Coach Urban Meyer has brought a new feel to the Ohio State football program. During the spring drills, Meyer and his assistants have hammered in the idea of winners and losers during spring drills and the atmosphere of practice has changed as a result.

“The one thing a place like Ohio State gives you is the game-day atmosphere experience and we have to utilize that,” Meyer said. “I want to see how kids are going to play and to just go out and have a practice, you don’t do that. I want a winner, loser.”

Kerry Coombs, first-year cornerbacks coach from Cincinnati has made headlines for his enthusiasm. He fist pumped down the middle of the field after plays and chest bumped redshirt sophomore defensive back Bradley Roby after a block.

“Be warriors, be warriors,” Coombs shouted on the field.

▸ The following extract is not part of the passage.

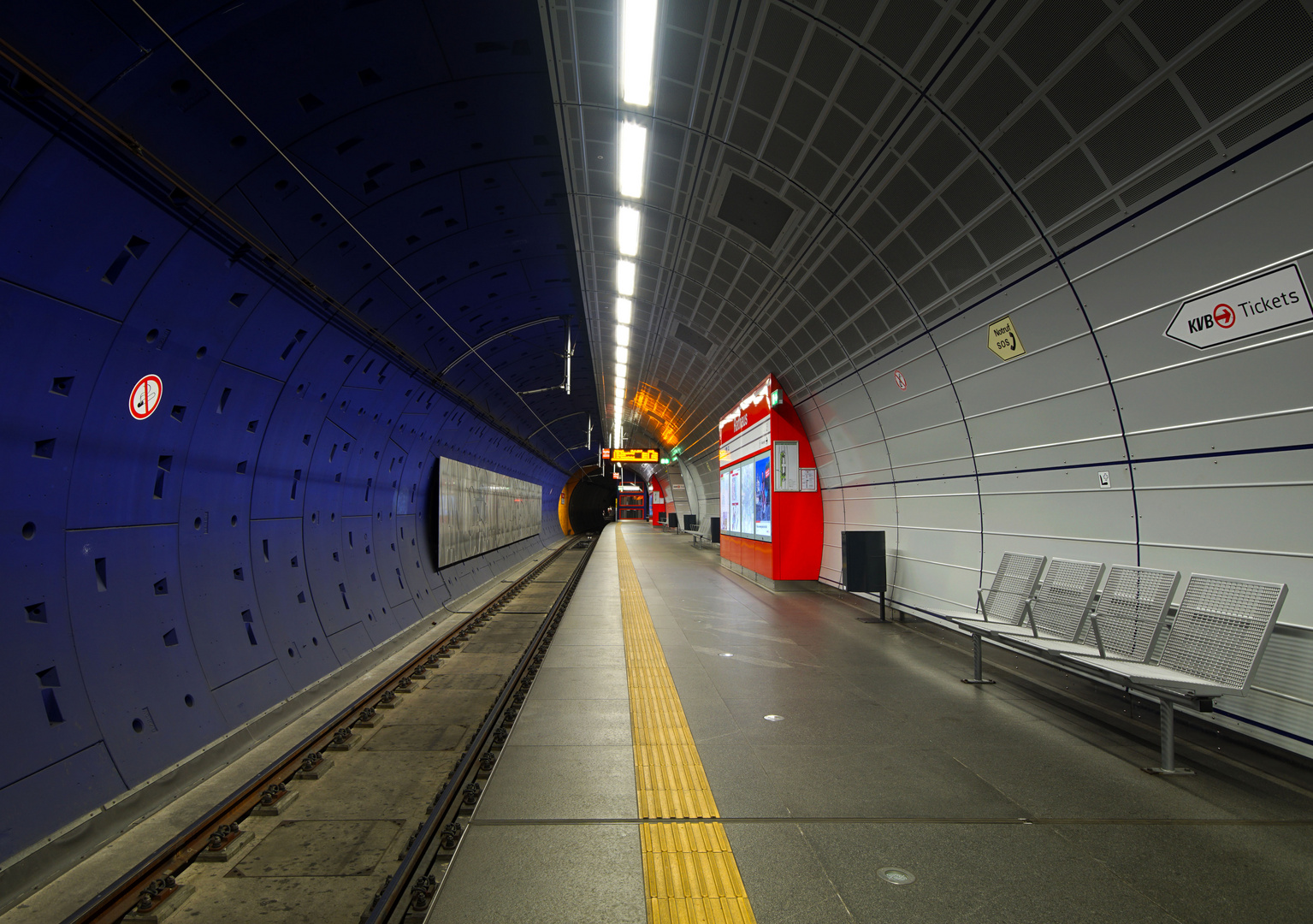 Köln U Bahnstation Rathaus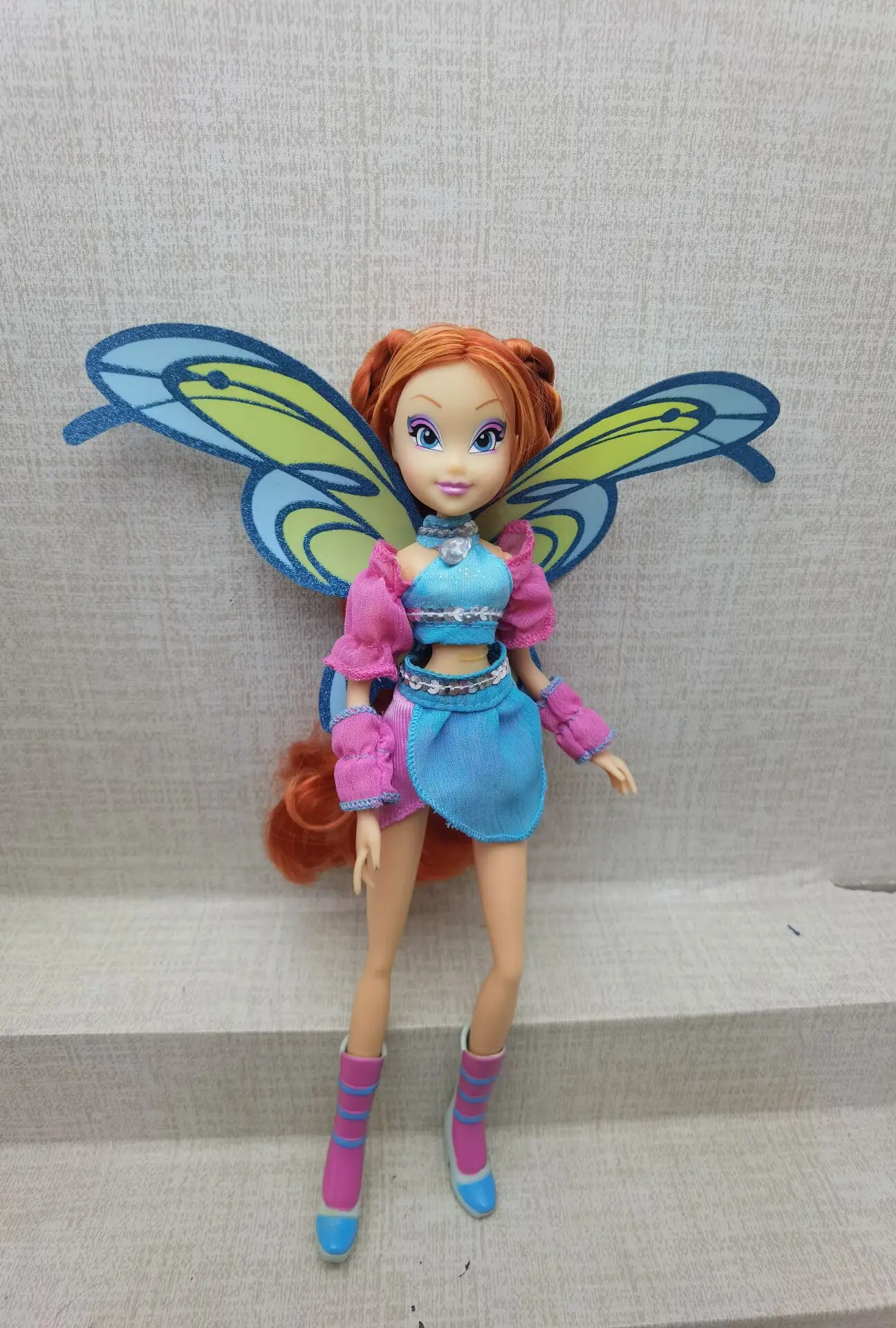 الأصلي جميل الأزرق الشعر فتاة ملونة فتاة عمل أرقام الدمى مع فوز ملحقات الجسم مع رئيس اللعب اكسسوارات الاطفال اللعب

Junior defensive lineman Johnathan Hankins forced a fumble that also got the coach excited enough to run up the field and cheer.

“Scoop and run Hank, scoop and run!” Coombs said.

Coombs wasn’t the only enthusiastic coach. During the end-of-practice scrimmage, Meyer went to the middle of the field and started throwing his hands up while the defense started the Buckeye Bounce. When it was all over, the defense defeated the offense.

“The good thing about the scrimmage is if you were watching close, they battled back and got it real close at the end,” Meyer said. “So they came back, they started just awful, but they came back and battled and got the score real close at the end. The defense won.”

The defense has beaten the offense both times the squads have faced off this season. After practice, the defense was rewarded with a cool-down stretch and Gatorade while the offense was forced to run and could sip only on water.

“They better win this early,” Meyer said. “They’re also playing well. Our defense coaches do a nice job.”

Meyer said the offense isn’t where they need to be and they need to grasp the instillation faster. Even with the two top defensive lineman, Hankins and senior John Simon on the sidelines as a reward near the end of the scrimmage, the offense still lost the battle.

“We might need to slow down the instillation a little bit and try to be able to execute something but that’s coming,” Meyer said. “Anytime you do something new that nine guys do it right, two guys do it wrong, it looks like it’s just the most disgusting thing you’ve ever seen. So we just got to get a little more consistent.”

But the first-year coach said these are the growing pains he expected.

“Terminology is different. Of course you’re going to make mistakes,” he said. “Guys might go the wrong way … make it go so fast that it’s OK.”